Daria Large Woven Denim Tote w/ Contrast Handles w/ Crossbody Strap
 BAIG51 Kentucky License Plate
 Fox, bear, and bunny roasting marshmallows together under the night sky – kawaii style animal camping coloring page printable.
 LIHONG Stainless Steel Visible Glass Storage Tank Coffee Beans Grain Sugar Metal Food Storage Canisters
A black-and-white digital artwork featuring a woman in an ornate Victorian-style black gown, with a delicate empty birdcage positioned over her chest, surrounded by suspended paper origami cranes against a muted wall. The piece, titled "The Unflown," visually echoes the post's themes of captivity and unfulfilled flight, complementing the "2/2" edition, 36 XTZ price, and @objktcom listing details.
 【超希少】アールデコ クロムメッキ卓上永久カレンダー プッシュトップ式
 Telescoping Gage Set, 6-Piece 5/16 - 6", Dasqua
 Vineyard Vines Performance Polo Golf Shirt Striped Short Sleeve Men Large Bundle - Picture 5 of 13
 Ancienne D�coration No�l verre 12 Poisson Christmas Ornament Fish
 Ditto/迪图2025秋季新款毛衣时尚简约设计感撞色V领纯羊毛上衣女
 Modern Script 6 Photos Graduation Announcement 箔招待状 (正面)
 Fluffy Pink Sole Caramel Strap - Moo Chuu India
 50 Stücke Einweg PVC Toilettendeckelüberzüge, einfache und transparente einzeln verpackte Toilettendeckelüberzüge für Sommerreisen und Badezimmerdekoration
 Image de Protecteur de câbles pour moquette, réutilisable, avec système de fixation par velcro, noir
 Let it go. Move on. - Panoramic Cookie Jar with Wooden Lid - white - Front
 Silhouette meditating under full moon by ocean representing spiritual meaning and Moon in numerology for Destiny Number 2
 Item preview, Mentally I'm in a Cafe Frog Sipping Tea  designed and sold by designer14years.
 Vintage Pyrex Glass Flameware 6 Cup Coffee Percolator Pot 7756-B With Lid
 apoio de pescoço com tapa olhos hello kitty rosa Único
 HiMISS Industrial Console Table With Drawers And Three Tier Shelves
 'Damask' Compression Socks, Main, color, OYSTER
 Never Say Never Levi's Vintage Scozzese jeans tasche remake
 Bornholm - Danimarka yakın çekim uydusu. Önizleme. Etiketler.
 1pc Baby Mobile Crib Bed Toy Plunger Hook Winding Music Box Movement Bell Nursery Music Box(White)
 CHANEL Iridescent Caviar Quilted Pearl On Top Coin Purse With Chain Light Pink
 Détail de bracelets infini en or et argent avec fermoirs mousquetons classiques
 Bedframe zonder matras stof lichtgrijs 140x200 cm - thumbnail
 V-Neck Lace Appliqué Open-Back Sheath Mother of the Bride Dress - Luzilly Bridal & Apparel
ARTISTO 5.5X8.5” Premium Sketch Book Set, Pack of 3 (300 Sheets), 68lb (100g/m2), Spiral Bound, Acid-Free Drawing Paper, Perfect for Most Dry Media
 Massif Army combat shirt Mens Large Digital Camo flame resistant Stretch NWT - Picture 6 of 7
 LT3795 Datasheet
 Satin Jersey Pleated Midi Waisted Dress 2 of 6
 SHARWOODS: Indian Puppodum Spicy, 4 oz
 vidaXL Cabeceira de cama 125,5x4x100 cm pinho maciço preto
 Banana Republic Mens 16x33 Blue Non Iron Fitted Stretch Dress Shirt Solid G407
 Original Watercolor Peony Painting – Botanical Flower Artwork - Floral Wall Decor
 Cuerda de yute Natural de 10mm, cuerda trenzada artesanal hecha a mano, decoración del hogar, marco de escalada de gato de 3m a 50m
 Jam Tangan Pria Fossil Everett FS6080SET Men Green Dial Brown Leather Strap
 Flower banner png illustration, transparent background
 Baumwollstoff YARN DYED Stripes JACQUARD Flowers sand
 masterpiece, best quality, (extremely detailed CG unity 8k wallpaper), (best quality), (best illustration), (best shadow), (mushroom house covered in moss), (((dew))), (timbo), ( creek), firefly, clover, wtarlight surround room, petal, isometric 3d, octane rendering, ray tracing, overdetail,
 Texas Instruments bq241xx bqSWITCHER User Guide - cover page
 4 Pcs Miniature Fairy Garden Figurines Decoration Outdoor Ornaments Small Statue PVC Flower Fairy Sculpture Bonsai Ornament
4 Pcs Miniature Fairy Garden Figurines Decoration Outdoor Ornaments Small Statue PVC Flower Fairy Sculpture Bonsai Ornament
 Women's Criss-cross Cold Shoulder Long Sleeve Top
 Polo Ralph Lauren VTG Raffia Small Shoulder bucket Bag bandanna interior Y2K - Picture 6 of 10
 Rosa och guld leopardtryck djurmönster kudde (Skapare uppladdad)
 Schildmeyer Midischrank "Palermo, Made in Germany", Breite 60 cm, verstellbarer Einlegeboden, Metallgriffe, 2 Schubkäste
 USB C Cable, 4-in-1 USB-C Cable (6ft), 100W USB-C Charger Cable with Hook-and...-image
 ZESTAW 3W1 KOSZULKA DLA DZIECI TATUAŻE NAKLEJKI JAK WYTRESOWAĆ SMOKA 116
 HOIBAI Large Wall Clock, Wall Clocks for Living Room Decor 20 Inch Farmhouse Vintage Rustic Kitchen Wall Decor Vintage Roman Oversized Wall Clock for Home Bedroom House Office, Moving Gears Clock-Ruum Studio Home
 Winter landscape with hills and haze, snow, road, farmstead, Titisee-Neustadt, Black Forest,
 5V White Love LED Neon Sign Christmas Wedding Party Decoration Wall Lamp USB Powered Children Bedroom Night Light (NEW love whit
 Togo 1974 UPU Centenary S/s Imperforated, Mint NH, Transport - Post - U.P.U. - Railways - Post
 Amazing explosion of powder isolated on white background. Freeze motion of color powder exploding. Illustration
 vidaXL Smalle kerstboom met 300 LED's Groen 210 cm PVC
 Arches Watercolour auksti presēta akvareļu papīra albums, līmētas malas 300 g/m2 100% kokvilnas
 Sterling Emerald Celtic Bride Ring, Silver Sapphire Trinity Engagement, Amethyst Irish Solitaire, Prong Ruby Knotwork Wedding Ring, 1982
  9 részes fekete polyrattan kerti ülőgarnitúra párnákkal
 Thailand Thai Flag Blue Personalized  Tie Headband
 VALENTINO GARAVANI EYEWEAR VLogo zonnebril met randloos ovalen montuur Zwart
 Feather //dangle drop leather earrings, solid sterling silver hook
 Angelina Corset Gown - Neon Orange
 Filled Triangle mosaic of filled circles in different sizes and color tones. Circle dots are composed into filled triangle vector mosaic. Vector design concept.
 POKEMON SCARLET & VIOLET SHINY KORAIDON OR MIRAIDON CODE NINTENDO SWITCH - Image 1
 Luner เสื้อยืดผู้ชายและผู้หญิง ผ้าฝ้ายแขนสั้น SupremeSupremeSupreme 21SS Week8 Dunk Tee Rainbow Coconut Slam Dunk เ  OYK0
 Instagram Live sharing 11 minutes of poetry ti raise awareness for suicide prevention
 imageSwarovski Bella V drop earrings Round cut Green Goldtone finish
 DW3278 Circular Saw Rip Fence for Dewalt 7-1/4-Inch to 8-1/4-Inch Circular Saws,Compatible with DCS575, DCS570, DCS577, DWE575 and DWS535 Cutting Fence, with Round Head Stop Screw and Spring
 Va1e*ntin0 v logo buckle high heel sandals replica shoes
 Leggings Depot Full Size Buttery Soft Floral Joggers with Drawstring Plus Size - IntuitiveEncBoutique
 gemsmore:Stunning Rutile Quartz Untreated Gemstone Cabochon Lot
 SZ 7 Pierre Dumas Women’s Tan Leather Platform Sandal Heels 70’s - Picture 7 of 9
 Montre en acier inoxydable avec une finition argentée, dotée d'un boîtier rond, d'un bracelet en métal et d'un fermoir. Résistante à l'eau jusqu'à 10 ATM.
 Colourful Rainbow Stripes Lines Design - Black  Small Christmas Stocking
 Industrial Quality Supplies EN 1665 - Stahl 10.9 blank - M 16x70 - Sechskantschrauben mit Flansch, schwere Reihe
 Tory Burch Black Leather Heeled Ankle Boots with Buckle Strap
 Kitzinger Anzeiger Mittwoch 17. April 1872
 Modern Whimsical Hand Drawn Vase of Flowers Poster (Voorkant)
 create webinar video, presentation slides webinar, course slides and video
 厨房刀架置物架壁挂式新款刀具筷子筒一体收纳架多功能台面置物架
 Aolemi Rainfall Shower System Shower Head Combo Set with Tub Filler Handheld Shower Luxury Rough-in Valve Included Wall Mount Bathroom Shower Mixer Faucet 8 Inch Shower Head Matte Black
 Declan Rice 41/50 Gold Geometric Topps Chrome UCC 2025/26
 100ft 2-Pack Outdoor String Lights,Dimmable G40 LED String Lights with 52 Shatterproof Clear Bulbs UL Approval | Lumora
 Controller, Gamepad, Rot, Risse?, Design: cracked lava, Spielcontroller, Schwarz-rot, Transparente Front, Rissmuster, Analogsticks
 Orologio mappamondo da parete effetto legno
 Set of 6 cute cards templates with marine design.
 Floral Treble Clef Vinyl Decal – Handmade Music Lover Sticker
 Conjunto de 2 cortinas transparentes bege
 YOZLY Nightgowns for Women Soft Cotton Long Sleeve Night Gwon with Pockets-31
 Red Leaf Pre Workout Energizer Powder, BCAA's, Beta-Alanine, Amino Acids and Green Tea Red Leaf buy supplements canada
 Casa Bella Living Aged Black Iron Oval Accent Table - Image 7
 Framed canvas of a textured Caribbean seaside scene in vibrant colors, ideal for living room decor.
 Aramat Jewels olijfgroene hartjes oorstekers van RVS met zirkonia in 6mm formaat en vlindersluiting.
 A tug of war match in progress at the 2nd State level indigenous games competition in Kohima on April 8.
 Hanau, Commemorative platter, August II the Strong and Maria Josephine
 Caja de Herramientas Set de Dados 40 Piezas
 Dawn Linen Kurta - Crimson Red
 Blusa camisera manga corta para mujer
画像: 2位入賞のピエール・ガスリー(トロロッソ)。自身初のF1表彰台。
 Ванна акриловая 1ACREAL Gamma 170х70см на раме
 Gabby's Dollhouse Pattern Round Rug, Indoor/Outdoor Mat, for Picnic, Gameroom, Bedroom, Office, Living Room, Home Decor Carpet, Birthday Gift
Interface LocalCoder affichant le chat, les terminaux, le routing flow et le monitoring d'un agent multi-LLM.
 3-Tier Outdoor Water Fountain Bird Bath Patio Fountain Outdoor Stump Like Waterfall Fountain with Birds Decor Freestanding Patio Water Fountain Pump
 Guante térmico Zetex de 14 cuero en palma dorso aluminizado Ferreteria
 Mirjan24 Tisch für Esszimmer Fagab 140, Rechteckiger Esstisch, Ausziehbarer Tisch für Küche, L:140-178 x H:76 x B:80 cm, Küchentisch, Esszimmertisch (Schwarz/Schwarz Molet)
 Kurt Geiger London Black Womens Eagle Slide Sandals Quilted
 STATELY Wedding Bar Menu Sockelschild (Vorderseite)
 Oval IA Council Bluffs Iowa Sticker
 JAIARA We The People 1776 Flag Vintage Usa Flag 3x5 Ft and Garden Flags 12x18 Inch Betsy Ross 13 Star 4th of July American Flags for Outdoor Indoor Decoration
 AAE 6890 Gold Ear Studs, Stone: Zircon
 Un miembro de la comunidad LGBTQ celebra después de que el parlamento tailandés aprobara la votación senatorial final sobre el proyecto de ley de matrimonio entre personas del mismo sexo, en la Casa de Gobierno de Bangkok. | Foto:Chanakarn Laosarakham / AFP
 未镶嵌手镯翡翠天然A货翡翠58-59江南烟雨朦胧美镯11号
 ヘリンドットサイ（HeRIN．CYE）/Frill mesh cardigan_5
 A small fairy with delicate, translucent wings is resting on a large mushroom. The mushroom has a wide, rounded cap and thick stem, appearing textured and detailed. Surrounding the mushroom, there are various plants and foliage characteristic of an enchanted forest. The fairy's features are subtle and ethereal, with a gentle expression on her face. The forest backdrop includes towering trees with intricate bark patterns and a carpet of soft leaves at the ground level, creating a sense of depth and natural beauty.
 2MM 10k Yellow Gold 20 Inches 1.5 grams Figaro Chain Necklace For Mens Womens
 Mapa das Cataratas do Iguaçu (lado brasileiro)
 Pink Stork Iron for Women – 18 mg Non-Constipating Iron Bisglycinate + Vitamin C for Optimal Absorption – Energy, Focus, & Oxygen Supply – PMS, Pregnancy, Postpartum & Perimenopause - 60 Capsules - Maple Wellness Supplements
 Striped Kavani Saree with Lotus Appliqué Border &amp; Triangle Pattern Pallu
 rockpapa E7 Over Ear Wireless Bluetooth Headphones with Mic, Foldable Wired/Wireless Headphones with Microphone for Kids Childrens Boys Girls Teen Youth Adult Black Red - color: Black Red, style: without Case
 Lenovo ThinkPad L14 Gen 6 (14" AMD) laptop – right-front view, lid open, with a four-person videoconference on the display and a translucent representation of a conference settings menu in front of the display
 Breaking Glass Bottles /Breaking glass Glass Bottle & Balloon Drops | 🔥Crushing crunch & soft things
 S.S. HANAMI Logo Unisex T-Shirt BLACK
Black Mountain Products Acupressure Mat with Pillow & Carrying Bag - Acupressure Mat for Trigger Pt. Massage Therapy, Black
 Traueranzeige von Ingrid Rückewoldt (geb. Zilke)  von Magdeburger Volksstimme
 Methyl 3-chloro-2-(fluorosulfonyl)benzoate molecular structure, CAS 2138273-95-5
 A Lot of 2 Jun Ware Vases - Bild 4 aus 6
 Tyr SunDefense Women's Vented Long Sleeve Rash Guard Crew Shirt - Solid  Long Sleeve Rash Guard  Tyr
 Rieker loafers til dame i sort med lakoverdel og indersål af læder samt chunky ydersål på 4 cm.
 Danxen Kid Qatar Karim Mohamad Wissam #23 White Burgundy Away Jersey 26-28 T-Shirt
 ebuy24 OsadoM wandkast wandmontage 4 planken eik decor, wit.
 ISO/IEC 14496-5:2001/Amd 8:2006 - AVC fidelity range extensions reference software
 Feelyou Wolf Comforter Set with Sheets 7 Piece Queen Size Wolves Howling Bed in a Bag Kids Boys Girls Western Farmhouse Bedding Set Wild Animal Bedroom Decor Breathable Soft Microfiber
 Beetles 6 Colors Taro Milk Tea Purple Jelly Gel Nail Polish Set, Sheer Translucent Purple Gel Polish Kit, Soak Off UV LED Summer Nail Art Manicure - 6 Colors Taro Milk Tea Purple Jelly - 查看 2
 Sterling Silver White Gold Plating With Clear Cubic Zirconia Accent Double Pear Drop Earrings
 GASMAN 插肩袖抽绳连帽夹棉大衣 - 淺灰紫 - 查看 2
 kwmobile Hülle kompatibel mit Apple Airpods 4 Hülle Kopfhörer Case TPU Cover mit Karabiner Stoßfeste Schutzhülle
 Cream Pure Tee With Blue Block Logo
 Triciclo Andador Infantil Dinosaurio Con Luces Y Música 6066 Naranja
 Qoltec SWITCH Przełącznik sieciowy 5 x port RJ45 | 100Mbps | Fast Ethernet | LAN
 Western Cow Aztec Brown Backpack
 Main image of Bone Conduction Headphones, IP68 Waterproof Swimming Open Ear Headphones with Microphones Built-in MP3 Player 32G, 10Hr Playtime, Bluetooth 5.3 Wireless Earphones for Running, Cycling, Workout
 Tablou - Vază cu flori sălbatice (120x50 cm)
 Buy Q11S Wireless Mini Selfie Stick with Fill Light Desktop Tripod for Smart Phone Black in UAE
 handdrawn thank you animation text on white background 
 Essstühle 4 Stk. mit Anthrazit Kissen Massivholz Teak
--------------------
*WHAT TO PRODUCE*:
Taking the line with "3-Tier Outdoor Water" as the first and the line with "Guante térmico Zetex" as the last, retype that stretch of the data above exactly, with no other lines.

*EXERCISE RESULT*:
 3-Tier Outdoor Water Fountain Bird Bath Patio Fountain Outdoor Stump Like Waterfall Fountain with Birds Decor Freestanding Patio Water Fountain Pump
 Guante térmico Zetex de 14 cuero en palma dorso aluminizado Ferreteria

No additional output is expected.